Peru protests move to president’s doorstep
Reuters in Lima
After struggling for months to defuse protests against mining companies in far-flung provinces, President Ollanta Humala is now facing strikes in the capital by teachers and doctors who want a piece of Peru’s record fiscal surplus.
Thousands of teachers from two factions of the national teachers union marched in Lima on Wednesday to demand big wage increases after a decade without raises, while many of the 14,000 doctors who work for the Health Ministry participated in a walkout that has meant patients have to wait in long lines.
Humala tried to forestall the teachers’ strike by sending a bill to Congress that would reform pay scales, but the legislature has yet to act and he has not been able to persuade impatient union members to stay on the job.
“This is in the hands of Congress. We hope they resolve it as soon as possible.

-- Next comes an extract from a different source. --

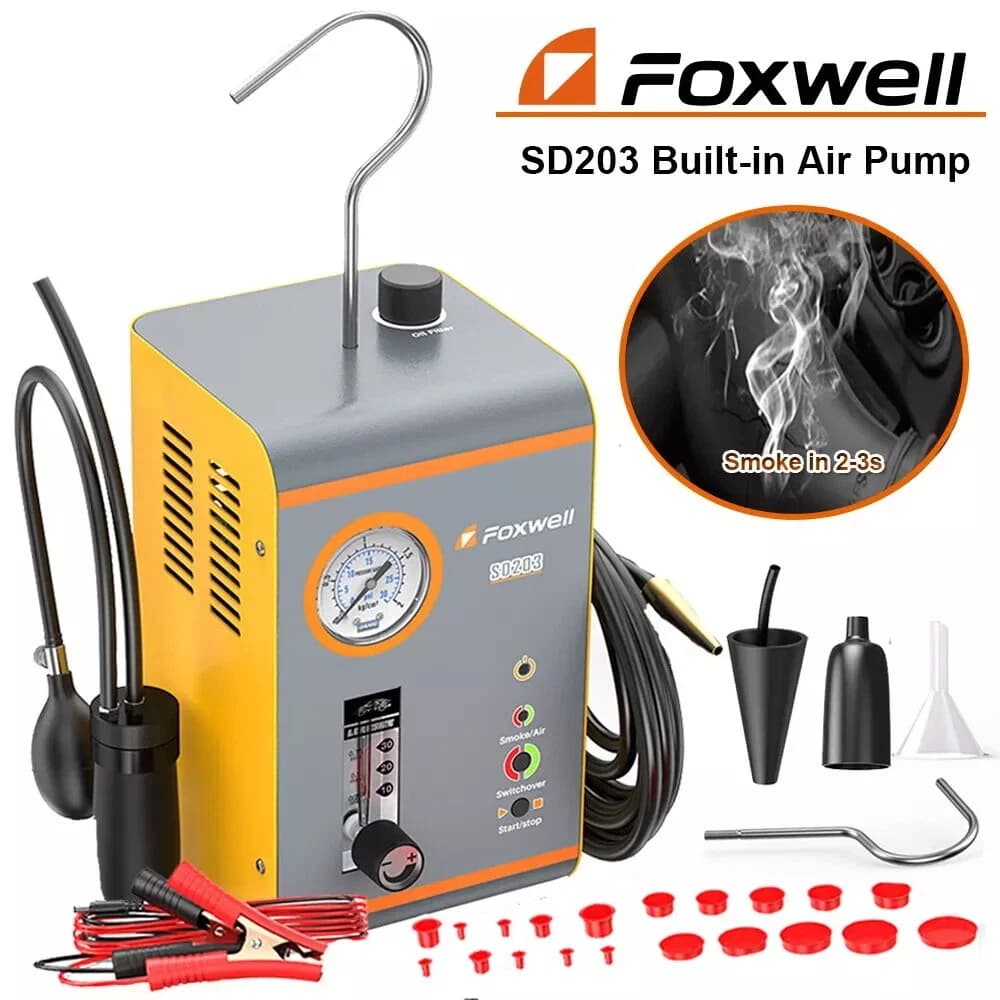 FOXWELL SD203 Macchina del fumo Rilevatore di perdite 12V Auto EVAP Macchina del fumo Strumento diagnostico del vuoto del veicolo Pompa d'aria incorporata Doppia modalità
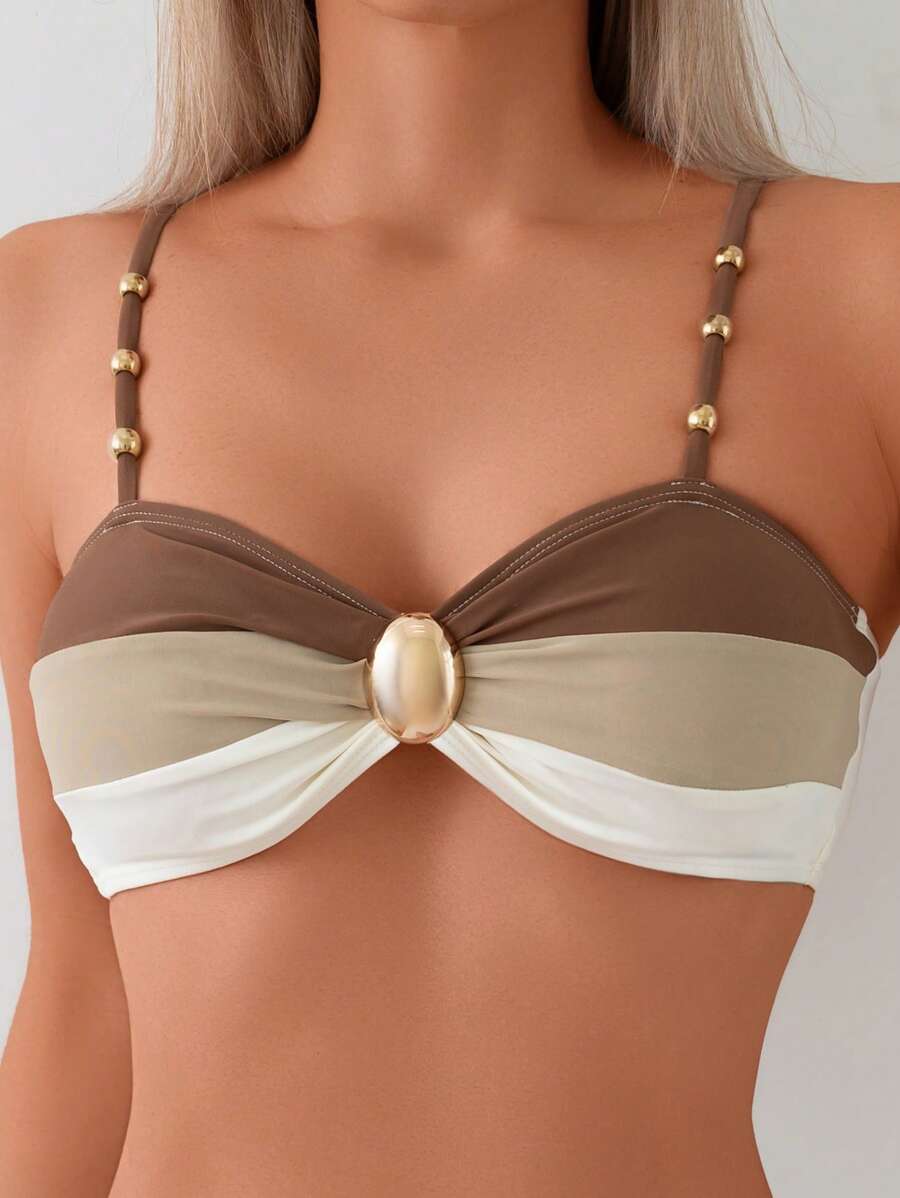 Biquíni Luxo Mediterrâneo com Detalhe Central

The ball is in their court,” he told reporters on Wednesday.
On Tuesday, after police clashed with rock-throwing teachers and doctors pushed through a police cordon at a hospital, a frustrated Prime Minister Juan Jimenez said, “The strike makes no sense.”
The protests in Lima have put renewed pressure on Humala after the president enjoyed several weeks of relative quiet following a cabinet shuffle he carried out in July to calm anti-mining strife.

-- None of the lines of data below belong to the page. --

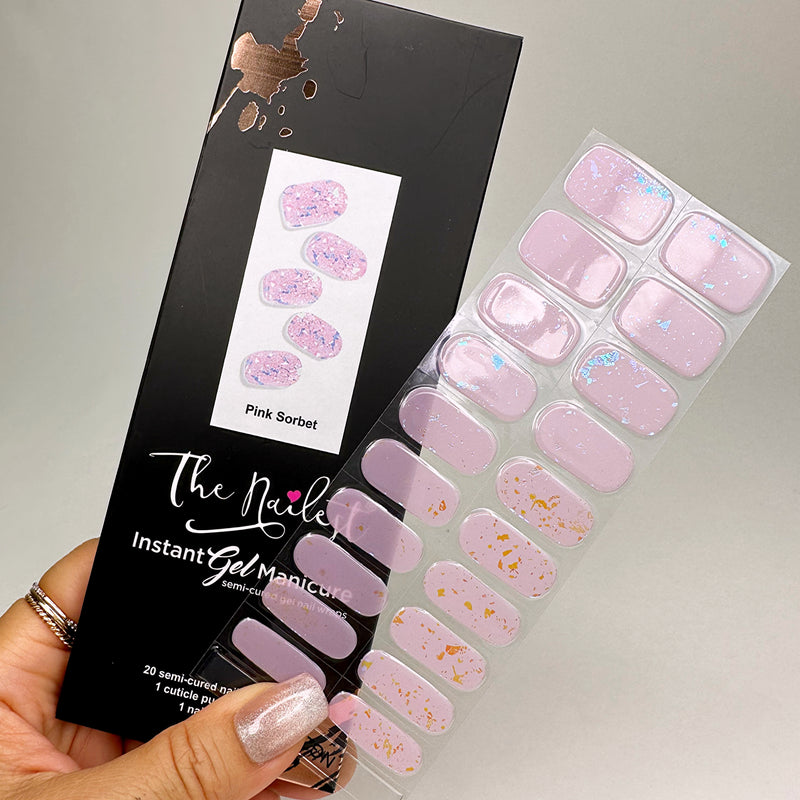 Instant Gel Manicure- Pink Sorbet, Semi-Cured Gel Nail Wrap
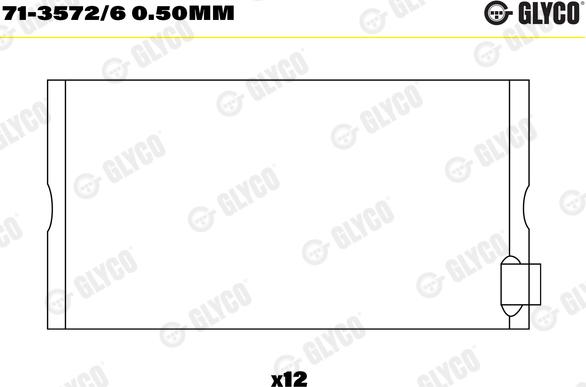 Glyco 71-3572/6 0.50mm - Шатуни підшипник avtolavka.club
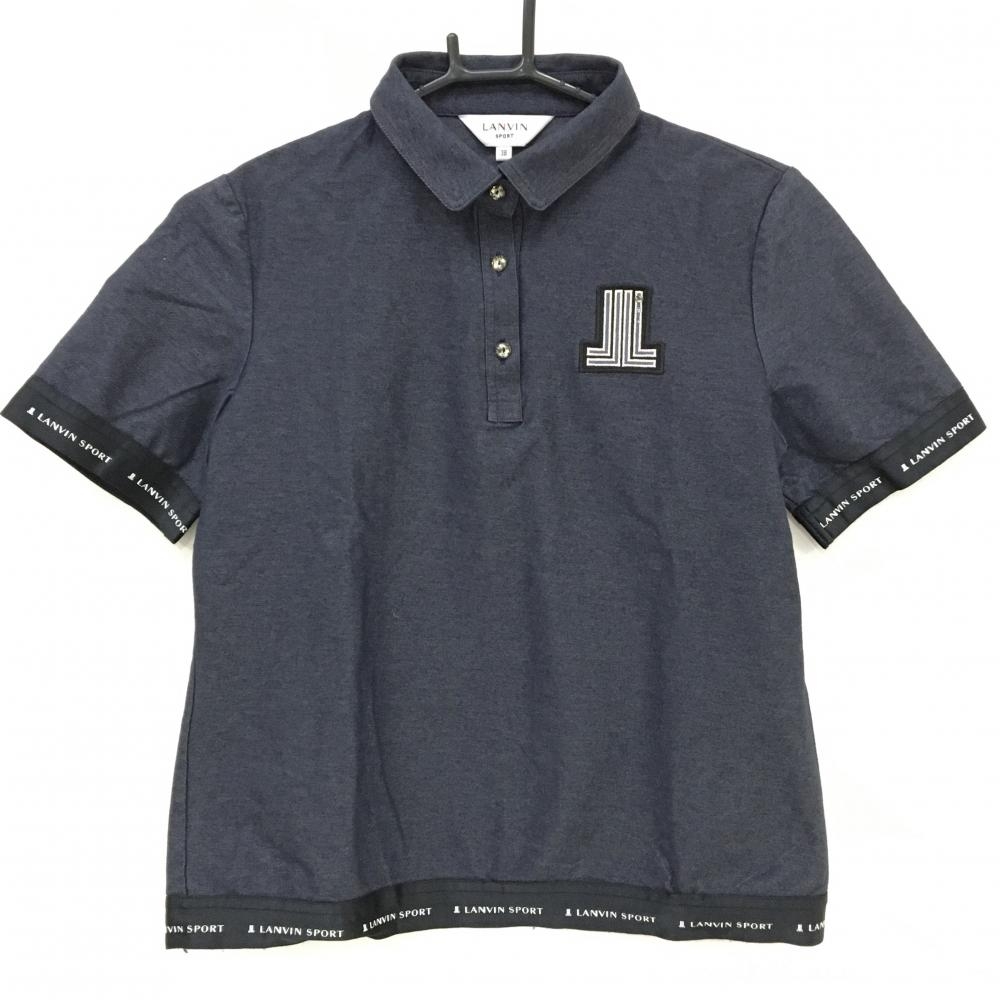 【美品】ランバンスポール 半袖ポロシャツ ネイビー×黒 デニム調 袖口・裾ロゴ レディース 38(M) ゴルフウェア LANVIN SPORT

Humala’s approval rating has hovered around 40 per cent for the past three months after falling from highs of more than 60 per cent when he took office.
Pay increases for doctors depend solely on Humala’s cabinet and do not need congressional approval.

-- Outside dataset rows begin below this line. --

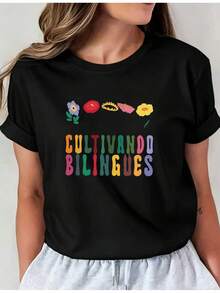 LigeroÚltimo Estilo Creativo Camiseta Estampada con Patrón Floral y Letras, Camiseta Casual de Cuello Redondo, Camiseta de Manga Larga para Vacaciones de Primavera y Verano, Ropa Nueva para Mujer, Lavable a Máquinai01Top Casual de Cuello Redondo, Ropa Cómoda para MujerVerano - Negro - Ver 6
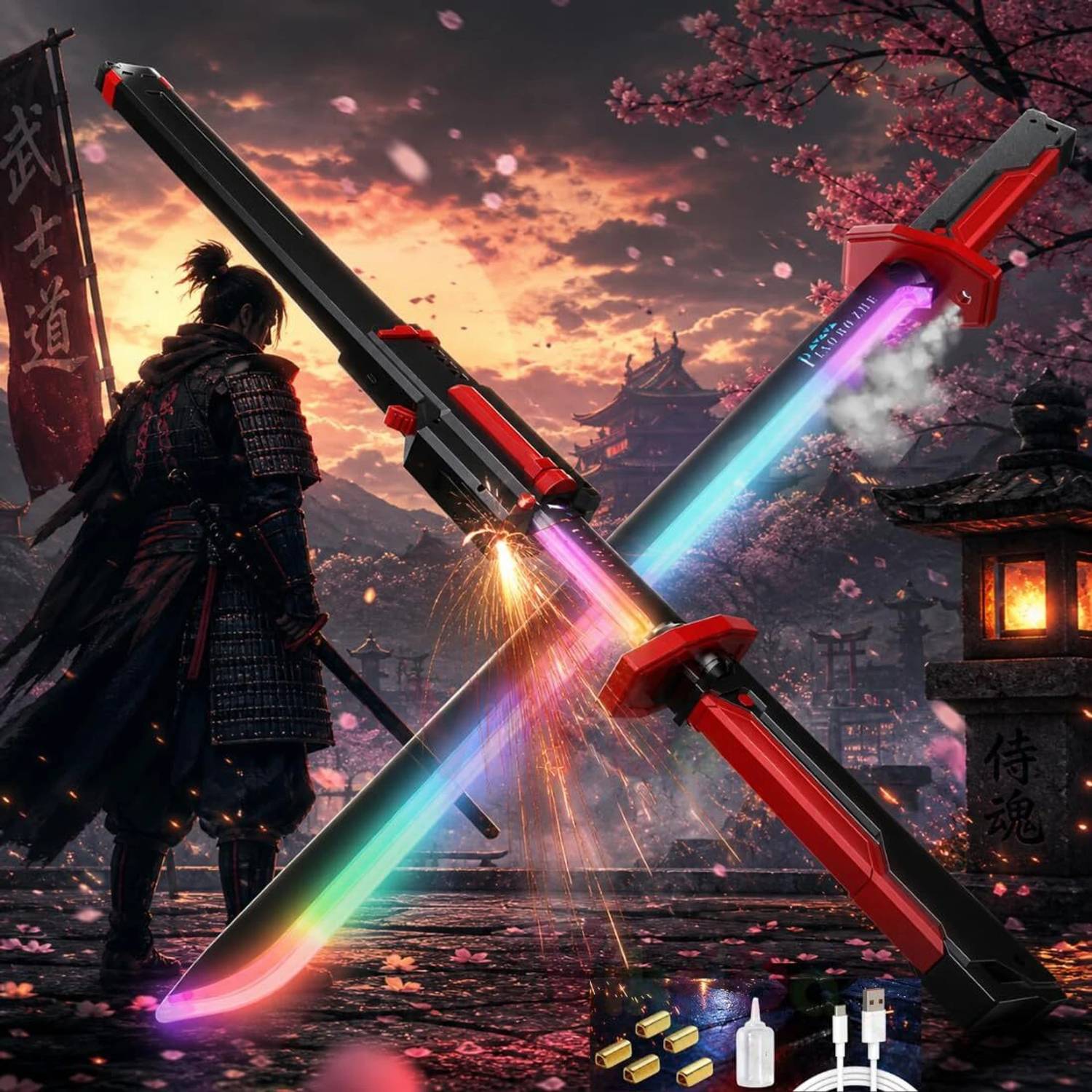 NexusCart Kids Rechargeable LED Light & Sound Sword - Image 1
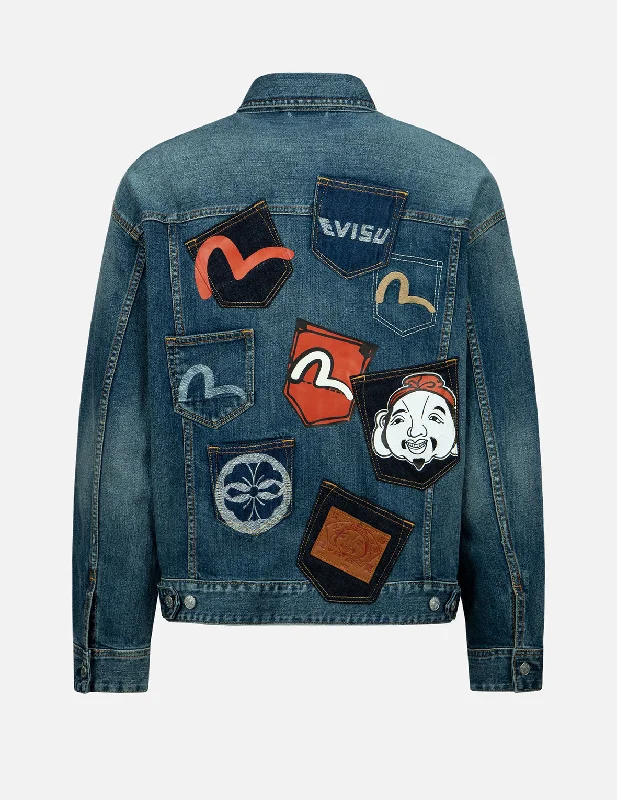 Men's Jeans for SportsMulti-Pocket Washed Denim Jacket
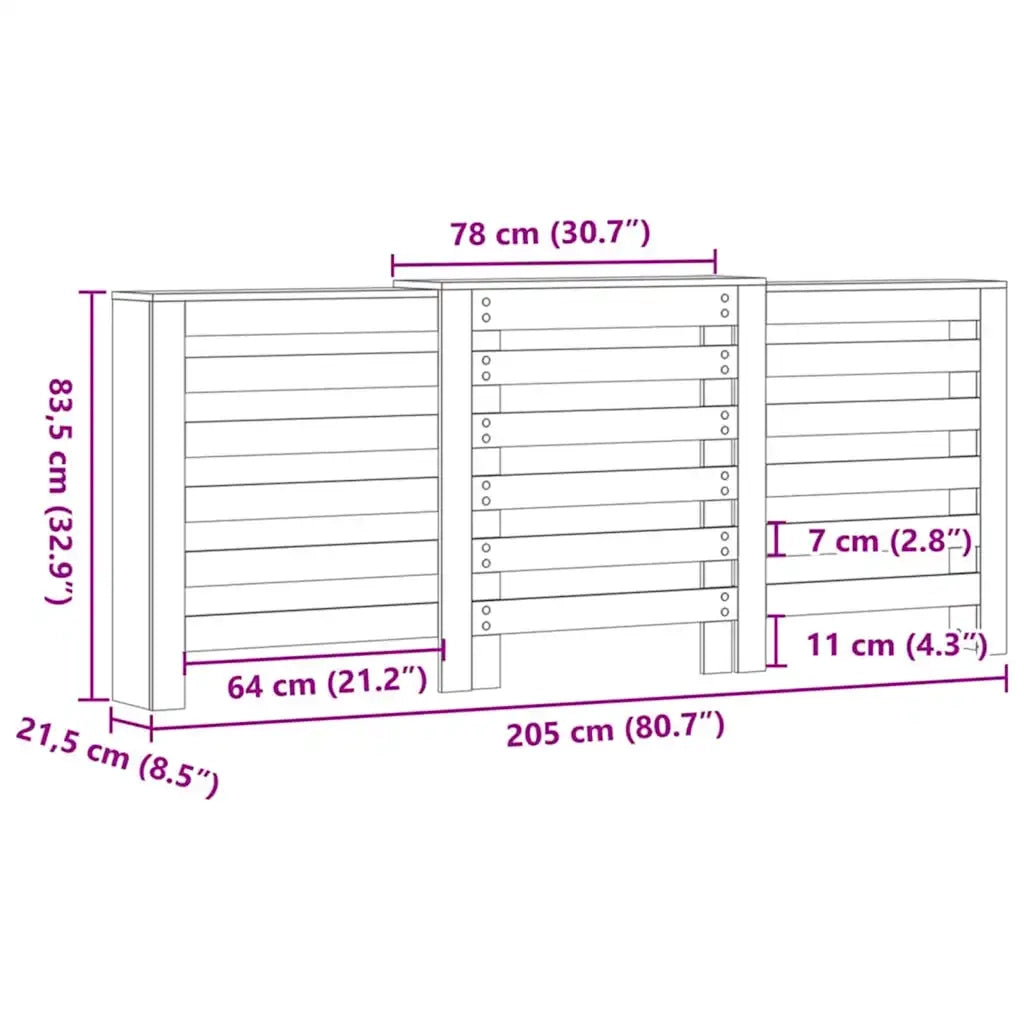 Copertura per radiatori Rovere Nero 205 x 21,5 x 83,5 cm 869222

“We are open to dialogue, but under favourable conditions, without violence, blackmail or threats,” Health Minister Midori de Habich said.
Leaders of the strikes have complained that Peru’s economic boom over the past decade, which pushed average annual growth to around 6 per cent, has yet to benefit them.
Now, with a fiscal surplus that hit 7 per cent of gross domestic product in the first half of this year and central bank reserves that swelled to $60 billion, the unions are asking for what they see as their fair share.
“We demand a financial rescue for our sector to give better attention and a new salary structure. We can’t continue with these salaries,” the head of the health workers’ union, Cesar Palomino, said on Saturday.
Doctors want their monthly pay doubled or more. The current pay scale runs from 850 soles (or US$327) to 3,400 soles.
Palomino said the strike has affected some 170 hospitals and 1,500 clinics, many of which offer emergency-only services.
Teachers want their wages doubled from an average of 1,200 soles a month. The government has accused at least one faction of the teachers union of being led by far-left radicals.
At least 15 people have been killed in conflicts over natural resources in the interior of the country since Humala took office in July last year.
Critics of mining companies have said they do not bring enough direct economic benefits to poor rural towns, soak up scarce water supplies, or cause pollution. The government says mines generate exports, tax revenues and jobs.
Johnson Salvador, a 46-year-old teacher who left his classroom in the rural province of Tarma empty to join daily protests in the capital, said he voted for Humala because he promised to support workers and the poor.
“But he’s turned out to be just another puppet,” he said as he and other protesters blocked a main avenue near Congress on Wednesday. “If he really wanted to improve education he would raise the education budget and worry about people in this country that have been forgotten.”